_BRIEF_. Reproduce every line of the material below, but drop the pictures.

_MATERIAL PROVIDED_.

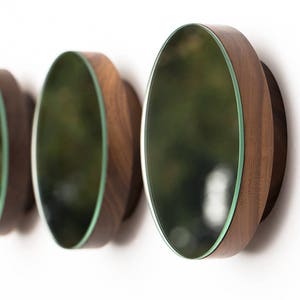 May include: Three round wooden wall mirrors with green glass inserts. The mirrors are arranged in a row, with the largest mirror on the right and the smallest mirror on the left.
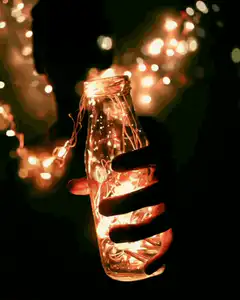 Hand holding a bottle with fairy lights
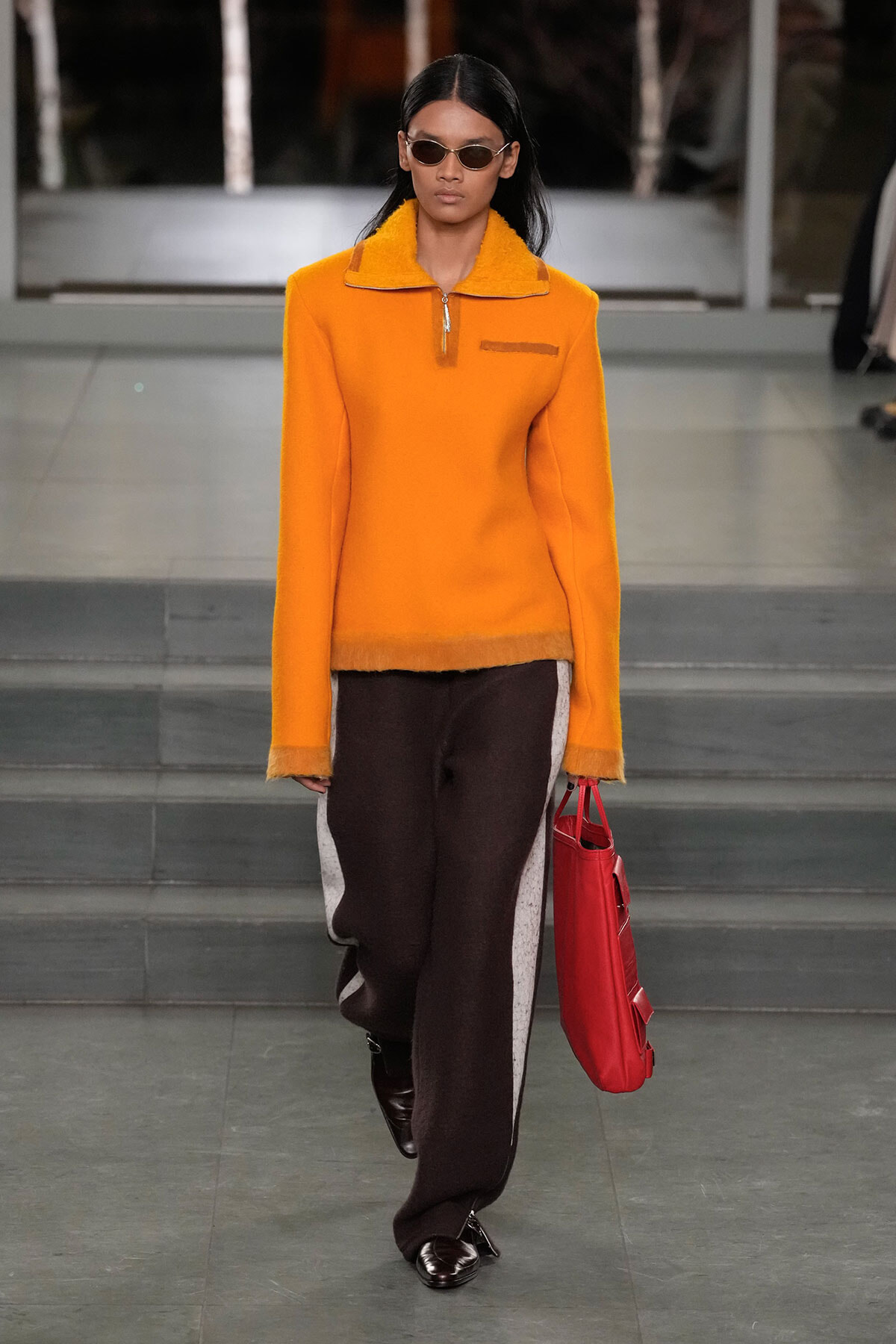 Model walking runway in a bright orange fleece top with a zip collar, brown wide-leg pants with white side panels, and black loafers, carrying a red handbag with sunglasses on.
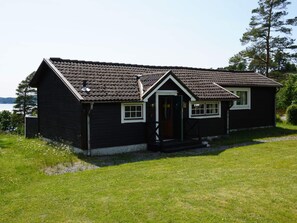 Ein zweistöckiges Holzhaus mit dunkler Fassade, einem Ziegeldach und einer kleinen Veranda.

_WORKED SOLUTION_.
 May include: Three round wooden wall mirrors with green glass inserts. The mirrors are arranged in a row, with the largest mirror on the right and the smallest mirror on the left.
 Hand holding a bottle with fairy lights
 Model walking runway in a bright orange fleece top with a zip collar, brown wide-leg pants with white side panels, and black loafers, carrying a red handbag with sunglasses on.
 Ein zweistöckiges Holzhaus mit dunkler Fassade, einem Ziegeldach und einer kleinen Veranda.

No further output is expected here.